Cuando en la crisis de 1898 empezó a hablarse de la necesidad de un “cirujano de hierro” y la práctica totalidad de los intelectuales y los políticos jugaron con ella, se escandalizó por tamaña estupidez. Con ironía escribió que le parecía un remedio “sobradamente heroico” que tan sólo añadía a “la calamidad de ser vencidos la calamidad de ser despóticamente gobernados”. Lo que interesaba era seguir desarrollando un pueblo libre “donde no es nunca el capricho de un tirano quien crea y sostiene el Gobierno, sino la opinión pública, que se impone por los medios legales de la prensa, de la tribuna, de las manifestaciones y de las asociaciones pacíficas”. Sobre quién estaba incluido y excluido de esa ideal esfera pública no se pronunciaba, ni tampoco sobre la red de patronazgo (que hoy llamaríamos corrupción) que arropaba el poder. En la obra de inmediata aparición Iberian Crossroads. A Global History of Modern Spain, de Pol Dalmau y Jorge Luengo, Valera aparece fugazmente actuando de intermediario del pago de 4.000 pesetas a un ministro para lograr el nombramiento de un arriesgado hombre de negocios como vicecónsul en la ciudad china de Xiamen.

Me parece significativo que, al mismo tiempo que hacía campaña contra las veleidades autoritarias del regeneracionismo, Valera escribiese largo y tendido sobre su ideal de domesticidad como la base de todo el edificio liberal. Lo cual implicaba, necesariamente a su juicio, hablar de las identidades distintas y complementarias de los hombres y las mujeres. “No niego la igualdad, lo que niego es la identidad confusa” que acabaría con los fundamentos del amor y del erotismo, de la civilización. A Valera le interesaban mucho las mujeres de todas clases y razas: amantes ocasionales de la burguesía, actrices y prostitutas. También damas de la alta sociedad, algo mayores que él y no especialmente bellas porque (galantemente) gustaba más del “majestuoso crepúsculo de la tarde que de la risueña aurora”. Fueron ellas las que, como Lucía Palladi, marquesa de Bedmar, le enseñaron a no amar “a la cosaca” y le descubrieron quién era y quién podía ser como hombre, como caballero y como escritor. Afirmó siempre que “así como el zahorí, por una facultad misteriosa que en sí tiene, se cuenta que descubre los tesoros escondidos en el oscuro seno de la tierra, así la mujer penetra con los ojos del alma en lo más hondo de la de su amado y allí descubre ella y luego hace ver y comprender a él los gérmenes ocultos y dormidos de su virtud y su genio”.

Escribió abundantemente sobre sus relaciones amorosas o eróticas. Sus cartas al respecto constituyen uno de los documentos más excepcionales que conozco sobre la educación para la masculinidad de un patricio liberal.

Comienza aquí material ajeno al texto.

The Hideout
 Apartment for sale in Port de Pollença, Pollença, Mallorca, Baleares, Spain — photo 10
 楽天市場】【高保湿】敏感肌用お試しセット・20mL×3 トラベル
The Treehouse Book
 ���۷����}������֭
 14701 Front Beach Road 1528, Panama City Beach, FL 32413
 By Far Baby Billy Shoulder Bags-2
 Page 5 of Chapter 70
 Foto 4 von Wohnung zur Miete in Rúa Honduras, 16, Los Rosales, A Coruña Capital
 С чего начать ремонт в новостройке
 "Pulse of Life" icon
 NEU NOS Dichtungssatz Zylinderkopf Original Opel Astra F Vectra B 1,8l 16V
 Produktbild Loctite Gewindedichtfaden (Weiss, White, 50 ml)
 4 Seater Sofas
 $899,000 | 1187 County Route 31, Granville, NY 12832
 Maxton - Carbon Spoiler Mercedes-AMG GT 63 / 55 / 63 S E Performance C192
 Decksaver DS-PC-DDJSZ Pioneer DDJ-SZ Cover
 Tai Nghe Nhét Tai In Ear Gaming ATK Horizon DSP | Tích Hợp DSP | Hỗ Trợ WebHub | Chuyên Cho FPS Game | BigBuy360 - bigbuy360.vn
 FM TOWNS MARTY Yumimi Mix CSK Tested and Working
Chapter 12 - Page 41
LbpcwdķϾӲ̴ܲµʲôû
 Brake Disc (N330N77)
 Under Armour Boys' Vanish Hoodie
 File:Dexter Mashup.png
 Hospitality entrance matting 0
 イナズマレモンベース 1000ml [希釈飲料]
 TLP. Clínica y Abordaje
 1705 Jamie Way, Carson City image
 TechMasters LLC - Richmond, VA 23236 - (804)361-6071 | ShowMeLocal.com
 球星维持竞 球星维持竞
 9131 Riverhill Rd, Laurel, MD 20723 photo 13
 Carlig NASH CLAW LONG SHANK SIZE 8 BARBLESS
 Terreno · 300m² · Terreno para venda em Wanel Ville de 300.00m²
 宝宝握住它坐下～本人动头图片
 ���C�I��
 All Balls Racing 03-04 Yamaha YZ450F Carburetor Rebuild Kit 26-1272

A los 60 años, en Washington, tuvo un affaire con Katherine Bayard, la hija del secretario de Estado estadounidense, que se suicidó cuando él tuvo que regresar a España. Escribió una carta conmovedora sobre ella y sobre las miserias de su propio matrimonio con la hija de 18 años de un colega diplomático. Para él, su joven esposa fue todo menos una zahorí dispuesta a descubrirle lo mejor de sí mismo y apoyarle: casi le arruinó, no le entendió ni le valoró jamás y le obligó a seguir en la carrera diplomática para pagar sus cuentas cuando ya estaba deseando retirarse. En alguna ocasión le escribió rogándole: “¡Quiéreme por Dios!”. Un final triste, que tiene algo de castigo y advertencia sobre los claroscuros de aquel liberalismo patricio, incluida su dimensión más íntima, que tan bien supo encarnar don Juan Valera. Este octubre se cumple el bicentenario de su nacimiento y merece un recuerdo.